Joint 120th Annual Cordilleran/74th Annual Rocky Mountain Section Meeting - 2024

Paper No. 33-5
Presentation Time: 9:20 AM

INTEGRATING UNCERTAINTY INTO THE HYDROTHERMAL RESOURCE FAVORABILITY MAPS FOR THE GREAT BASIN, USA


MORDENSKY, Stanley1, BURNS, Erick1, LIPOR, John J.2 and DEANGELO, Jacob3, (1)U.S. Geological Survey, Geology, Minerals, Energy, and Geophysics Science Center, Portland, OR 97201, (2)U.S. Geological Survey / Portland State University, Portland, OR 97201, (3)U.S. Geological Survey, Geology, Minerals, Energy, and Geophysics Science Center, Moffett Field, CA 94025

We detail a machine learning workflow that predicts hydrothermal upflow and estimates uncertainty imparted by bias resulting from different train-test splits by using XGBoost with Monte Carlo Cross Validation (n = 120). Feature data are extracted from datasets (e.g., strain, gravity) compiled under the INnovative Geothermal Exploration through Novel Investigations Of Undiscovered Systems (INGENIOUS) project. Label data are defined as the difference between heat flow measured at each well in the study area and the background conductive estimate. That difference is estimated to be correlated to nearby convective heat flow, so a difference of zero implies no nearby convection, and larger differences being correlated to large amounts of convective heat flow. Our previous work found that the convective signals contain large outliers (3,083 signals between -91 and 1,000 mW/m2 and 192 signals in the much larger range of 1,000 and 11,105 mW/m2) that bias results for traditional regression; however, these outliers may hold valuable information for large, power-producing hydrothermal systems. Therefore, in order to minimize outlier effects, we discretize the continuous label values into bins for very low, high, and very high signals using optimal bin boundaries identified by preliminary modeling to allow for use with ordinal regression.

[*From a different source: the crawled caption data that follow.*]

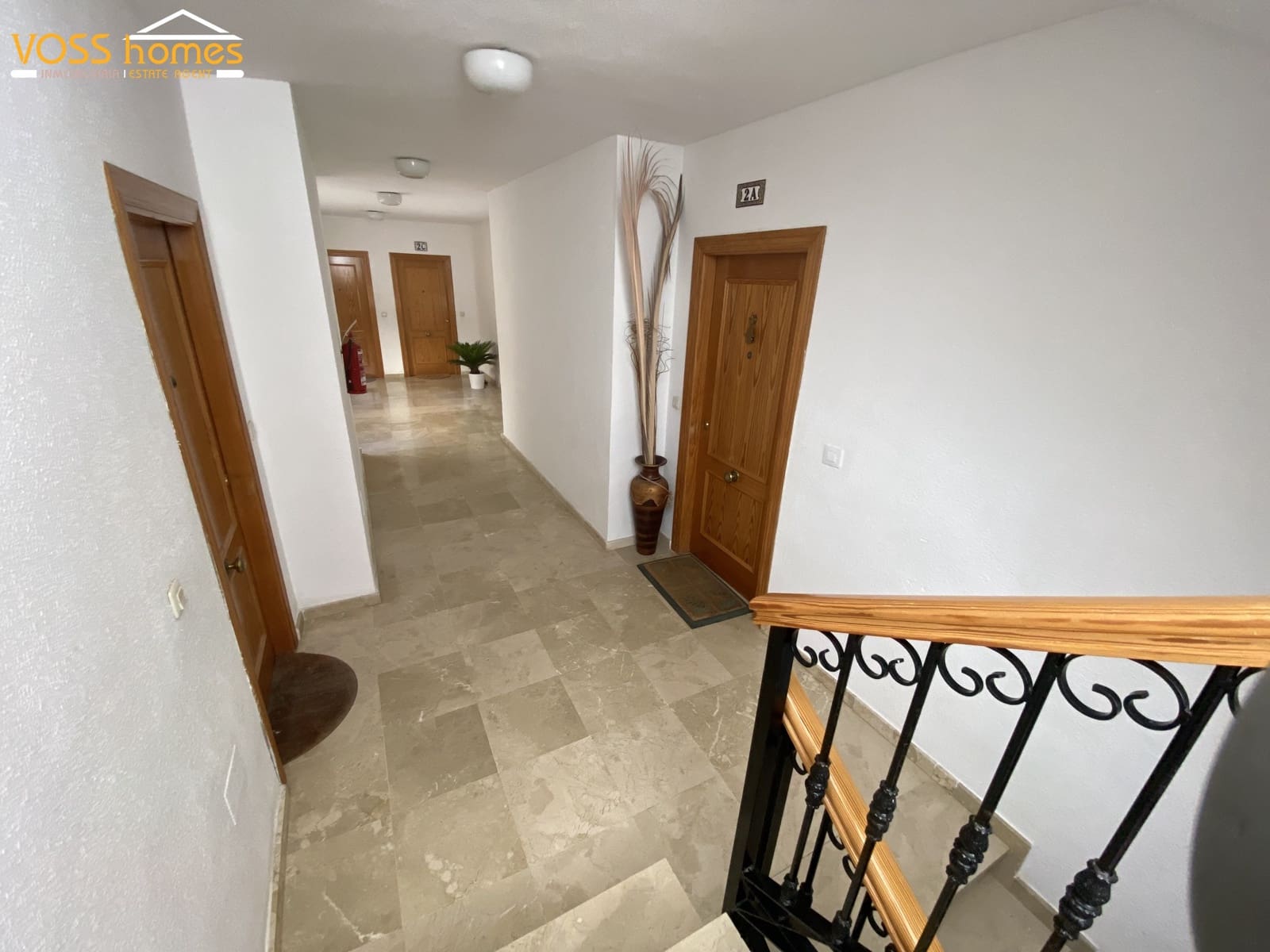 4 slaapkamer Appartement te koop in La Alfoquia - € 109.950 (Ref: 9528044)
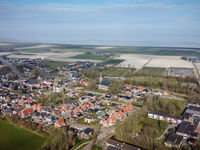 Toch geen gaswinning onder Waddenze bij Ternaard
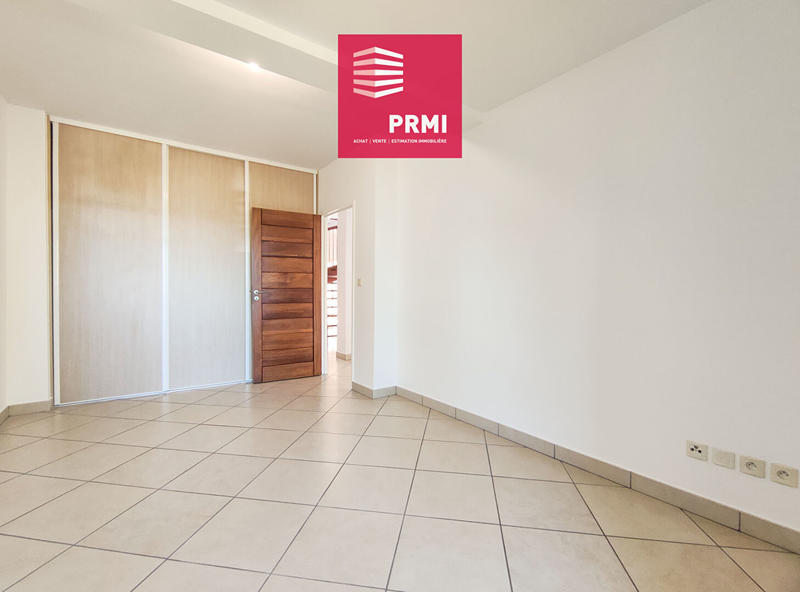 Appartement - 150 m² - 5 pièces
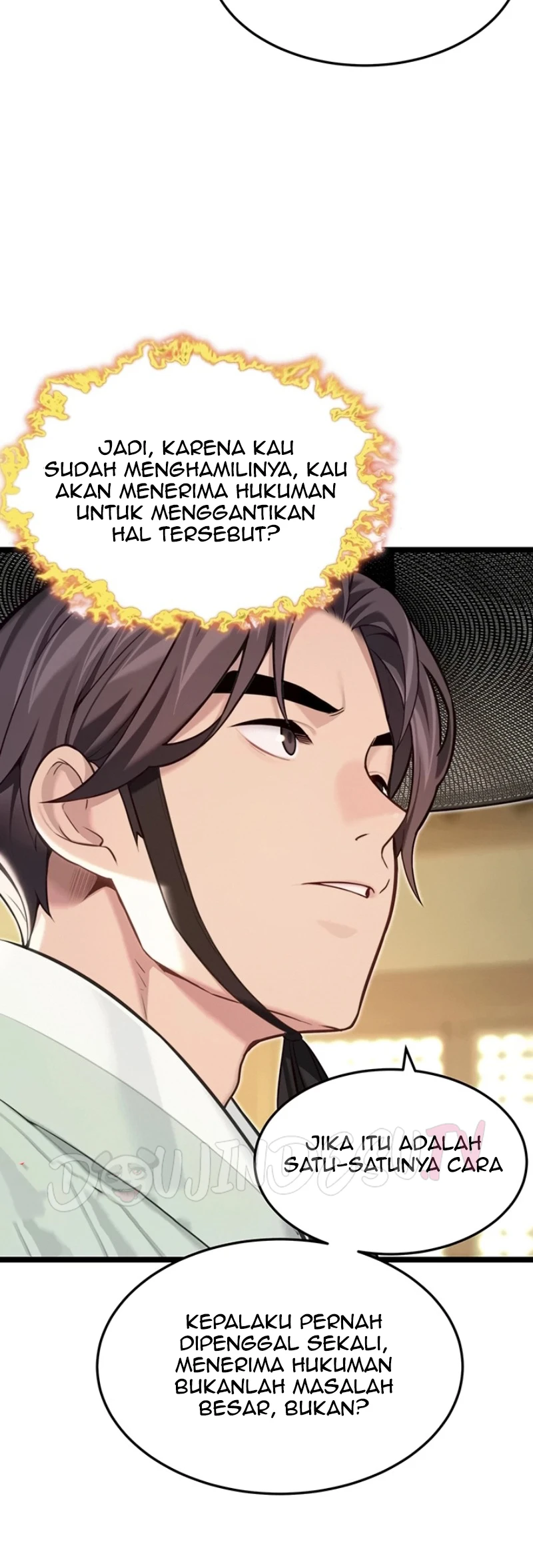 Read manhwa  God Bless You - Chap 71 - image 39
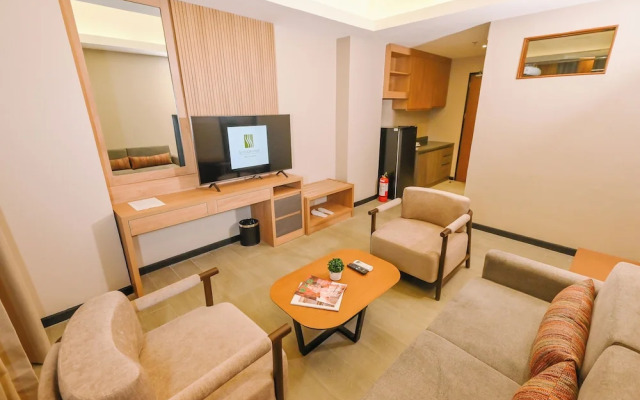 Sotogrande Hotel and Convention Center Batangas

Because hydrothermal systems are sparse (approximately less than 0.1% of the total area), an additional criterion on the resulting models is that total area with high convective upflow should be minimized; in this respect, XGBoost with ordinal regression and the binned convective signals better predicts hydrothermal systems than XGBoost with regression and the unbinned convective signals. Well sites with low convective signals have the greatest variance in predictions. We hypothesize that the greater variance of predictions at well sites with low convective signals is a result of the biased sampling of well sites with low convective signals since many of the wells with low convective signals were initially expected to host a hydrothermal system prior to exploration drilling. Presently, we are testing this hypothesis by randomly subsampling unlabeled locations distant from convective wells as having low convective signals to augment the known locations with low convective signals.